At around the same time, Doig also encountered Honoré Daumier’s L’Amateur d’estampes (The Print Collector) (circa 1857-1863) in the Art Institute of Chicago. Collaging together his two photographic sources, he explained the ‘House of Pictures became my version’ (P. Doig in conversation with K. Scott, ibid.). While later paintings in the series would explicitly reference Daumier’s protagonist, the present work harnesses its mood of quiet, introspective contemplation. The amalgamation of images in this manner lies at the very heart of Doig’s practice, which sifts through a vast archive of real and half-remembered material. His itinerant youth, which saw him move to Trinidad as a two-year-old, to Canada as a seven-year-old and later back to London as an art student, furnished him with a deep awareness of how images and experiences mutate in the mind’s eye. From the very beginning, his art took flight from the collision of sources, delighting in the moments of déjà-vu sparked by the juxtaposition of disparate pictures. These jolts wrote their way into his canvases, whose fluid, dreamlike surfaces act out the slippages of memory. The figure outside the House of Pictures, born of this very process, seems to offer a curious cipher for artist himself.
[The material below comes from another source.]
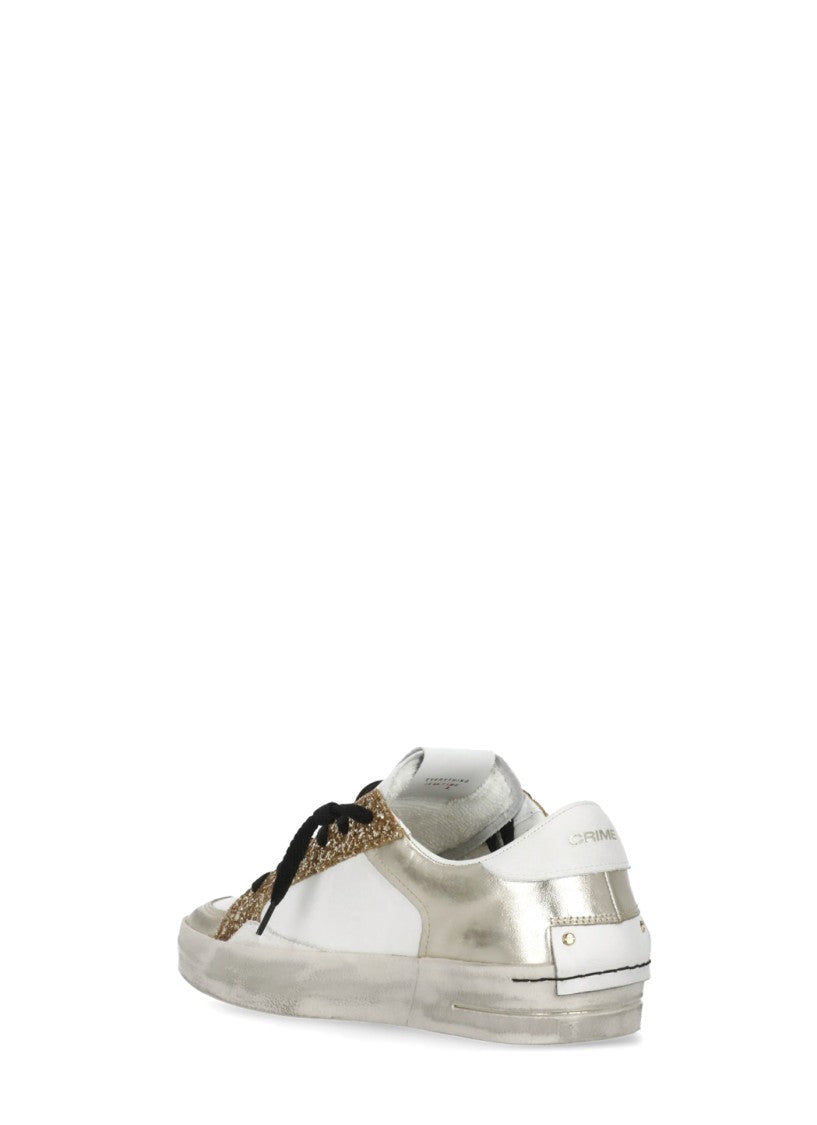 Crime London White Sk8 Deluxe Gold Strass Sneakers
As well as its reference to Daumier, the work brings together a staggering array of art-historical allusions. Barry Schwabsky likens the scene to a ‘Hopperesque urban moment’ that simmers with ‘existential disquietude’ (B. Schwabsky, Vitamin P: New Perspectives in Painting, London 2005, p. 92). Elsewhere, the work evokes the psychodramas of Expressionism, recalling the long shadows and atmospheric boulevards of Edvard Munch. Doig’s electrifying tones of neon pink and green capture his admiration for the Fauves, and for the tropical vistas of Gauguin. His windows, meanwhile, each alive with variegated colour and texture, conjure the paintings of Mark Rothko and Sam Francis. Doig’s paint swims with movement, dripping down the picture plane and collecting in watery bands. At the same time, he delights in the rigorous play of space, form and geometry. His characteristic division of the picture plane into horizontal bands, combined with the serial arrangement of the windows, creates a sense of grid-like order, evoking the works of Donald Judd, Barnett Newman or the Colour Charts of Gerhard Richter. Structure joins hands with ambiguity, just as it does in memory.
The work also contains echoes of Doig’s earlier oeuvre. As Keith Hartley has written, ‘the strong dark rectangles breaking into the light façade are reminiscent of the houses in several of Doig’s earlier “Canadian” paintings’ (K. Hartley, Peter Doig: No Foreign Lands, exh. cat. Scottish National Gallery of Modern Art, Edinburgh 2013, p. 66). Like these buildings, the House of Pictures is curiously anthropomorphic, the quivering shapes behind its darkened glass suggestive of human life and activity. In later works in the series, the windows would morph into semi-blank canvases; here, they recall the gaping apertures of Le Corbusier’s abandoned Unité d’Habitation, which peered through the forest of Doig’s Concrete Cabins like eyes. The artist invokes his own past, even as he journeyed to new shores. The writer Derek Walcott, who became friends with Doig in Trinidad, would later allude to this idea in his poem on the present work. ‘Rummage in the dark shop window, Rosencrantz’, he writes, ‘… you may find something there by choice, by chance, some rare books shriveled, its cover wizened and faintly autobiographical’ (D. Walcott, ‘House of Pictures’, in Morning, Paramin, London 2016, p. 66).